- Born: 19 February 1962 (age 64) Thames, New Zealand
- Education: University of Auckland
- Known for: Aerosol and Cloud Remote Sensing
- Scientific career
- Fields: Remote Sensing, Atmospheric Physics
- Workplaces: University of Oxford, St Hugh's College

= Roy Gordon Grainger =

New Zealand physicist

Roy Gordon Grainger (born 19 February 1962) is a New Zealand physicist. He is head of the Earth Observation Data Group in the Atmospheric, Oceanic and Planetary Physics Sub-Department at the University of Oxford and a Tutorial Fellow in Physics at St Hugh's College, Oxford.

==Education==
Grainger was educated at Auckland Grammar School before attending the University of Auckland to read physics. He gained a Doctorate in Atmospheric Physics on the subject of remote sensing of cloud properties, where his supervisor was Stuart Bradley. The title of his doctoral thesis was The calculation of cloud parameters from AVHRR data.

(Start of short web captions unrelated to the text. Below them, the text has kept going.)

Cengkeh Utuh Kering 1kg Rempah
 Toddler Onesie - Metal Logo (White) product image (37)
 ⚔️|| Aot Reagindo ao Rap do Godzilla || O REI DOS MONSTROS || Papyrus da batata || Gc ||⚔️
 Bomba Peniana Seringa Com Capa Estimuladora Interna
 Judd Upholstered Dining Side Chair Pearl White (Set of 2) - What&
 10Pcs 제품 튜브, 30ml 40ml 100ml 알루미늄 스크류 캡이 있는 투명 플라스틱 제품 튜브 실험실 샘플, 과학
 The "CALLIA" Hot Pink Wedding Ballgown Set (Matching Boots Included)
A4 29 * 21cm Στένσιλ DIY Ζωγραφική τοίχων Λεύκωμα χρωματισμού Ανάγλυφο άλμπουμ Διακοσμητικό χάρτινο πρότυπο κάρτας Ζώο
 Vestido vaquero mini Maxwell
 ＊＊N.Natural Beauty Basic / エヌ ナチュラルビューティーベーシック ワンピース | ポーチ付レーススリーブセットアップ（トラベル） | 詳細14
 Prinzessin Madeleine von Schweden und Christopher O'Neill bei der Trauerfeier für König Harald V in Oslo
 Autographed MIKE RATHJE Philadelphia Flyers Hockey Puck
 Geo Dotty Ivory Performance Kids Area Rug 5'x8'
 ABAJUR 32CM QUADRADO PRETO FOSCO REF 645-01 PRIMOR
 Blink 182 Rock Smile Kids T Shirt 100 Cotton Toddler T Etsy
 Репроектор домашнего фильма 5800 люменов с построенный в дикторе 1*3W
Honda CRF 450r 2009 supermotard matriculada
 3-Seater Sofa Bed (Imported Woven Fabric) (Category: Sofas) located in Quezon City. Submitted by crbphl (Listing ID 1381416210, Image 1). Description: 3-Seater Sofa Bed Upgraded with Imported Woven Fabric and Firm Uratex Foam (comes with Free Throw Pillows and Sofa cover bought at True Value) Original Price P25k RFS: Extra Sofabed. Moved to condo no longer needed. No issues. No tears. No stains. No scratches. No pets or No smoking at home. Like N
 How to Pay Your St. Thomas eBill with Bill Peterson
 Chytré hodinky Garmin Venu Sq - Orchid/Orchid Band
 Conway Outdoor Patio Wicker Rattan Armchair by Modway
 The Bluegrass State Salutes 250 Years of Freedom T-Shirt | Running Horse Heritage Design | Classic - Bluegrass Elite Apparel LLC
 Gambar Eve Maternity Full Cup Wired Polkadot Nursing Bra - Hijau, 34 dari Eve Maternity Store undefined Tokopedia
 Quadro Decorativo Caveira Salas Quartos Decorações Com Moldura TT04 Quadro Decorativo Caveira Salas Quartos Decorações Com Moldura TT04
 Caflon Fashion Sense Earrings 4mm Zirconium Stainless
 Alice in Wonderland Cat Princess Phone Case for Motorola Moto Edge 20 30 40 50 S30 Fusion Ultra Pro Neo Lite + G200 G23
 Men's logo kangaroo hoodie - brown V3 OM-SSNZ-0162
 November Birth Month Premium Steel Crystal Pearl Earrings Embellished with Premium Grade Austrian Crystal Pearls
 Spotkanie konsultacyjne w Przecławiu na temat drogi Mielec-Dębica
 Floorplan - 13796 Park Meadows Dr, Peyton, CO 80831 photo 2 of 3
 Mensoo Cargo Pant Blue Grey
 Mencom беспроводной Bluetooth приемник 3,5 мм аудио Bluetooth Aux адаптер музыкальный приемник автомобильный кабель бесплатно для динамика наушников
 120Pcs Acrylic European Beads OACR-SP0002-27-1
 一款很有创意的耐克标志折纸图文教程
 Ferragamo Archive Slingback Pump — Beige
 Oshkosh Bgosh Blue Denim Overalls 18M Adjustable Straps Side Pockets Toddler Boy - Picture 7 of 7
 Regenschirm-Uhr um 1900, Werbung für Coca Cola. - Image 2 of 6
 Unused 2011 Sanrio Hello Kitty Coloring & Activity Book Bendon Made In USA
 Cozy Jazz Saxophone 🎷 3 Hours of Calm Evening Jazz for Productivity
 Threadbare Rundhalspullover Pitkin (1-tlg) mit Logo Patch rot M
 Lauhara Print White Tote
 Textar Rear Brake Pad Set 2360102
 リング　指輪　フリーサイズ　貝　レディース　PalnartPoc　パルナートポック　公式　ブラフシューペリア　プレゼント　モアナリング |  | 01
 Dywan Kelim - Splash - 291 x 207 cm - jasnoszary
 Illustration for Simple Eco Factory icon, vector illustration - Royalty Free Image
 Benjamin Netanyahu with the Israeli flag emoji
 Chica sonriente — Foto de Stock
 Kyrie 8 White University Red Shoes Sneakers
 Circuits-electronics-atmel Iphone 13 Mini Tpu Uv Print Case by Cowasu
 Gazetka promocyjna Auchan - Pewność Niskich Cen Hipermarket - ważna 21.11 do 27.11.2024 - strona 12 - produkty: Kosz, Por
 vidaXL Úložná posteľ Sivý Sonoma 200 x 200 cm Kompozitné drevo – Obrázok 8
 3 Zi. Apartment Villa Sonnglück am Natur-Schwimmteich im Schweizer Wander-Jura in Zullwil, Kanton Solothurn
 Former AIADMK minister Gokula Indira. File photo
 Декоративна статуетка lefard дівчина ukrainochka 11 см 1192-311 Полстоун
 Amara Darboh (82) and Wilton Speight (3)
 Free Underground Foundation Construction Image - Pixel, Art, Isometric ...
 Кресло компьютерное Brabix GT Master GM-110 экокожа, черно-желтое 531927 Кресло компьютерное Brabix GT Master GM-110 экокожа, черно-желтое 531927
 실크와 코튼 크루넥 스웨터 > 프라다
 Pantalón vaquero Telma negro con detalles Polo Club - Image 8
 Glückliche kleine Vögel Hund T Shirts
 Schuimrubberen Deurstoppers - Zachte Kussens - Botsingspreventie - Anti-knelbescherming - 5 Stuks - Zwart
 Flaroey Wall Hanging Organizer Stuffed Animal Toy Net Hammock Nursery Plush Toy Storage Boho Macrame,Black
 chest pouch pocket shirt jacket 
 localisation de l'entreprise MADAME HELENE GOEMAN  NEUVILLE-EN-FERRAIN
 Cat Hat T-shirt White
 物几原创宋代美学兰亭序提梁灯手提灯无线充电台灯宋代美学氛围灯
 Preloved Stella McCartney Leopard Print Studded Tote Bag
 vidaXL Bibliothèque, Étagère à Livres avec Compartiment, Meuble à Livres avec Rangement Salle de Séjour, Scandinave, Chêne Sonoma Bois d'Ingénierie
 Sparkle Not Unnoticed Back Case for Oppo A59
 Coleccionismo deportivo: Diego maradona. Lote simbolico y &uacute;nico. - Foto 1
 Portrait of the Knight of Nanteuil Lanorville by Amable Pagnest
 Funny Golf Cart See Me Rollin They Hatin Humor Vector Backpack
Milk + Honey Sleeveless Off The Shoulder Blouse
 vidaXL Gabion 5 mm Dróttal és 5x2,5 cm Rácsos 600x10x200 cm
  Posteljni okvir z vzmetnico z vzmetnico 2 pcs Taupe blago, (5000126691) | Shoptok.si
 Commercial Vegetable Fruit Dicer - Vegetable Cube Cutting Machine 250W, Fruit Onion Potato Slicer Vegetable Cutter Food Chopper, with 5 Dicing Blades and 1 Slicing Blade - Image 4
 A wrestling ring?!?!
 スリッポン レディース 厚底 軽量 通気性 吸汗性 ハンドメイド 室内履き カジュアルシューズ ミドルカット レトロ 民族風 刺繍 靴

He worked for a short time in UV research at the New Zealand Meteorological Service before taking up a post-doctoral position in the Physics Department in Oxford, where his research was focused on measurement of stratospheric aerosols using the ISAMS satellite instrument designed at Oxford.

In 1998, he returned to New Zealand to accept a Lectureship at the University of Canterbury, where he conducted new instrumental work to measure aerosol properties.

==Research==
Grainger is the Principal Investigator of the Optimal Retrieval of Aerosol and Cloud (ORAC) project, which is a community code to optimally estimate aerosol and cloud properties from satellite imagery, and was principally responsible for starting this project.

The Earth Observation Data Group which he heads is primarily interested in atmospheric trace gases and clouds (especially with regard to processes which control climate), and conducts satellite studies of atmospheric aerosols.

==Personal life==
Grainger lives in Oxford, England, and is the great-grandson of Alfred Henry Grainger, after whom Grainger Falls is named.